Yellows and blues

A new reader came by these parts yesterday, searching for posts on sibling loss. It brought into focus for me the fact that I do not write much about Helen these days. I used to write about Helen a lot, now I write about Leila a lot.  Well, I don’t write a lot of anything really, but when I do, it’s pretty much omniLeila (new word there, think it’s going to be HUGE).

That doesn’t mean that Helen is further from my thoughts. It’s just that having a baby is massively diverting- nay, consuming– and takes up around 99% of my immediate headspace. But  beyond that immediacy which a baby commands,  a whole reservoir of thought and feeling still swirls at a slower, more contemplative pace . Much of this is still taken up with Helen. For some reason I feel- or maybe, have imposed- a tension between the unstoppable fiesta of joy that is Leila’s presence in my life, and the dark, deep stillness that is Helen’s absence.

It’s the guilty burden of the bereaved. Am I allowed to feel happy? Is it decent for the corners of my soul to be filled with a quite blinding floodlight of joy, where once they dried and curled? Can I be at once broken and stuck back together, and shiny and whole? I still don’t know the answer to that, but I sense that the answer isn’t to shout in peoples’ faces “I’M STILL SAD YOU KNOW!”, as I sometimes feel the urge to do.
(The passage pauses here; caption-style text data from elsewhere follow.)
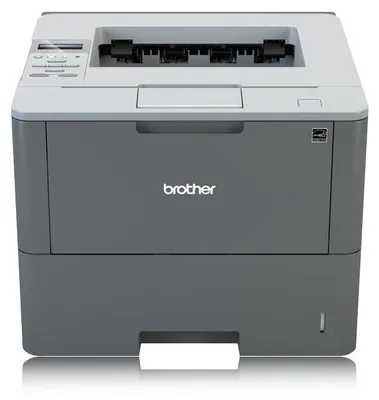 Produktbild von Drucker HL-6250DN / Laser / 46ppm sw / 1200x1200dpi / 256MB / A4 / 3 Jahre / Duplex / Netzwerk / 520 B. Papierkassette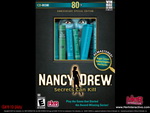 Nancy Drew: Secrets Can Kill Remastered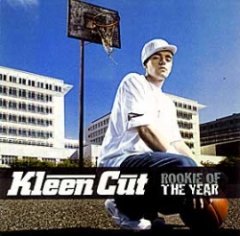 Kleen Cut - Rookie Of The Year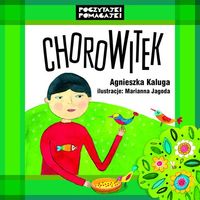 Kaluga Agnieszka - ChoroWitek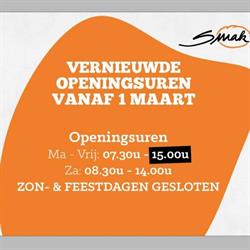 Smak'In bvba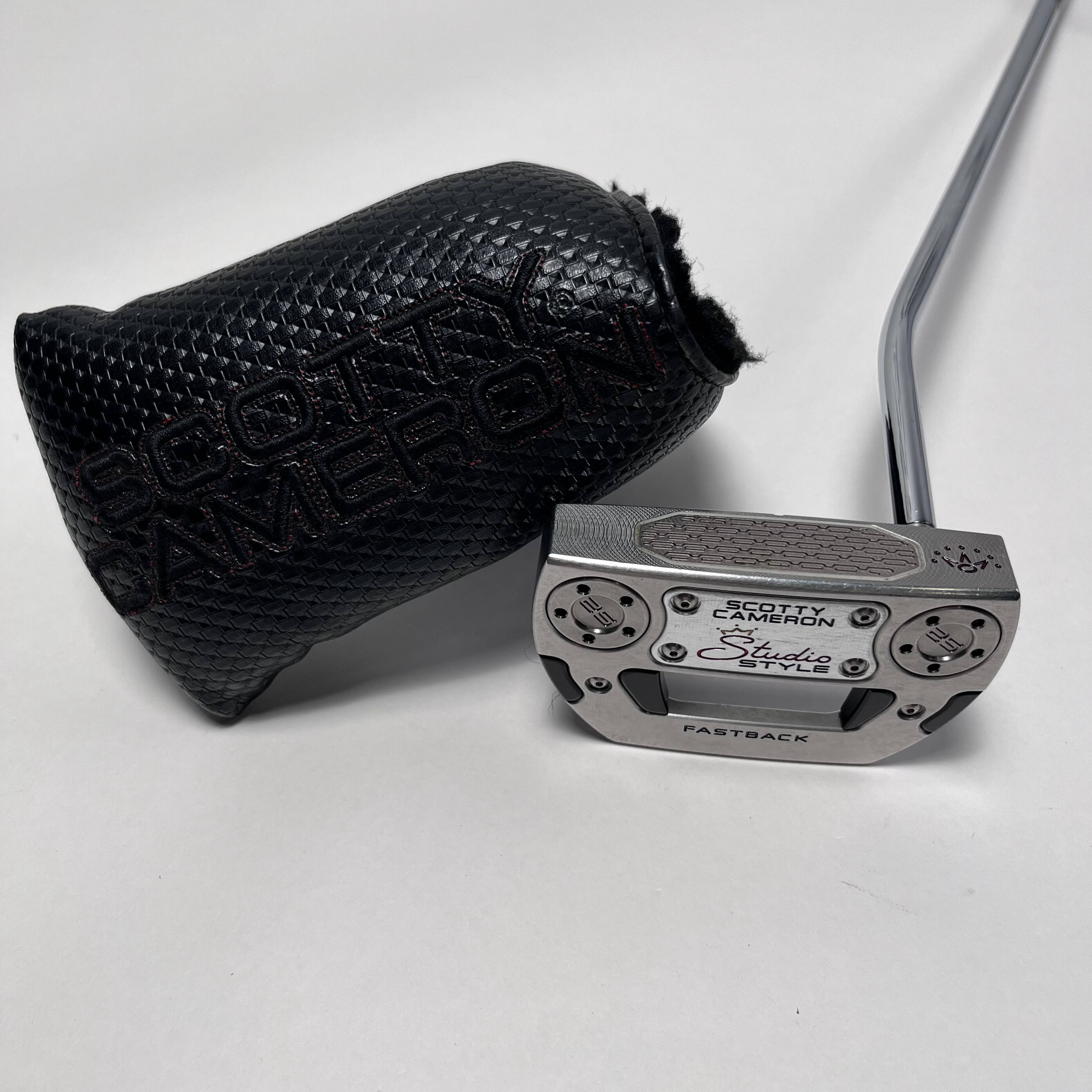 Scotty Cameron Products - StickHawk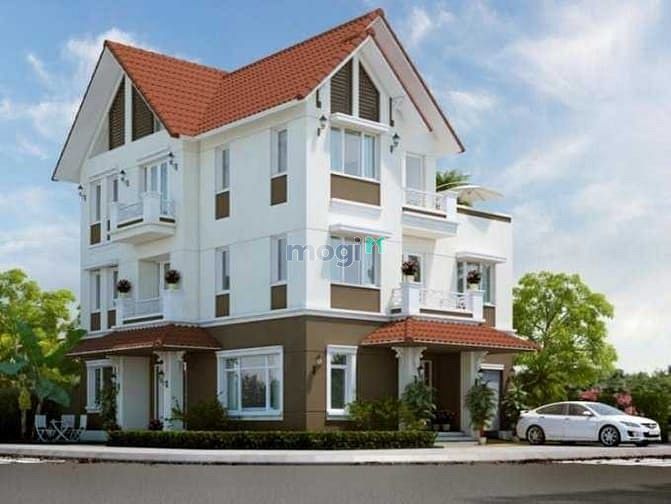 Hình ảnh Bán đất dự án Cienco5 Mê Linh Hà Nội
On the other hand, it’s easy to wonder whether, in mourning my sister, I’m cheapening the happiness I’ve found. Should Leila’s birth draw a line under our grief? Is it time to count our blessings in gleaming stacks, instead of keeping our eyes on the gutter, watching the coins of what we had drop down and disappear? Some might assume that Leila being here should heal the wound of losing Helen.

But of course is doesn’t. Leila is not a replacement for our beloved Helen (though it’s quite uncanny to me how similar Leila is to Helen as a baby- holla to the original goblin face!).  I don’t owe it to Leila to forget about Helen. And I don’t owe it to Helen to feel any less bombastic about Leila. They’d both be horrified by the idea- if Helen were here, and if Leila had developed the consciousness to be horrified, that is.

Helen’s death made me sadder than I had ever known. Leila’s birth made me happier than I thought possible. I’m still sad, and I’m still happy. I’m living my life in yellows and blues.  It’s not easy, but it’s colourful.


3 Responses to “Yellows and blues”

  1. 1 Poon January 25, 2011 at 9:56 pm

    Reminded me of Dad quoting Khalil Gibran:

    Your joy is your sorrow unmasked.
    And the selfsame well from which your laughter
    rises was oftentimes filled with your tears.
    And how else can it be?
    The deeper that sorrow carves into your
    being, the more joy you can contain.
    Is not the cup that holds your wine the very
    cup that was burned in the potter’s oven?
    And is not the lute that soothes yourspirit,
    the very wood that was hollowed with knives?
    When you are joyous, look deep into your heart
    and you shall find it is only thatwhich has given
    you sorrow that is giving you joy.
    When you are sorrowful look again in your heart,
    and you shall see that in truth you are weeping for that which has been your delight.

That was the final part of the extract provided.